Se me cortó la voz. Me era imposible mentir.

—No trates de levantarme el ánimo. Habíame de soldaduras en el vacío, de tu niñez, de cualquier cosa, pero no me vengas con eso de volver a la Tierra.

Y agregó, volviendo la cara hacia la pared:

—Una mañana los médicos hablaron en el pasillo, creyéndome dormida. Lo que dijeron no hizo más que confirmar lo que yo ya sabía por el modo en que me trataban. Y ahora cuéntame: naciste en Nuevo México en 1975. ¿Qué pasó después? ¿Te quedaste allí? ¿Cómo te fue en la escuela? ¿Tenías amigos, o eras demasiado inteligente, como me pasaba a mí? ¿Cuántos años tenías cuando hiciste el amor por primera vez?

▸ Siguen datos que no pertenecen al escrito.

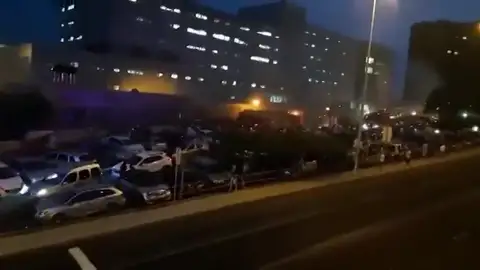 Un incendio en el Hospital de la Candelaria obliga a desalojar a varios pacientes Un incendio en el Hospital de la Candelaria obliga a desalojar a varios pacientes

Así charlamos durante un rato, ambos incómodos. Pero durante la conversación se me ocurrió una idea. En cuanto me despedí de Marygay fui directamente a ver al doctor Wilson.

—Le estimamos una probabilidad del cincuenta por ciento, pero es bastante arbitraria. Ninguno de los antecedentes que hemos estudiado sirve para este caso.

—Pero se puede decir que sus probabilidades serán mayores cuanto menor sea la aceleración a soportar.

—Indudablemente, pero con saberlo no ganamos nada. El comodoro prometió hacer la maniobra con tanta suavidad como pueda, pero de cualquier modo no bajará de cuatro o cinco gravedades. Y hasta tres podrían ser demasiado; no lo sabremos hasta ver los resultados.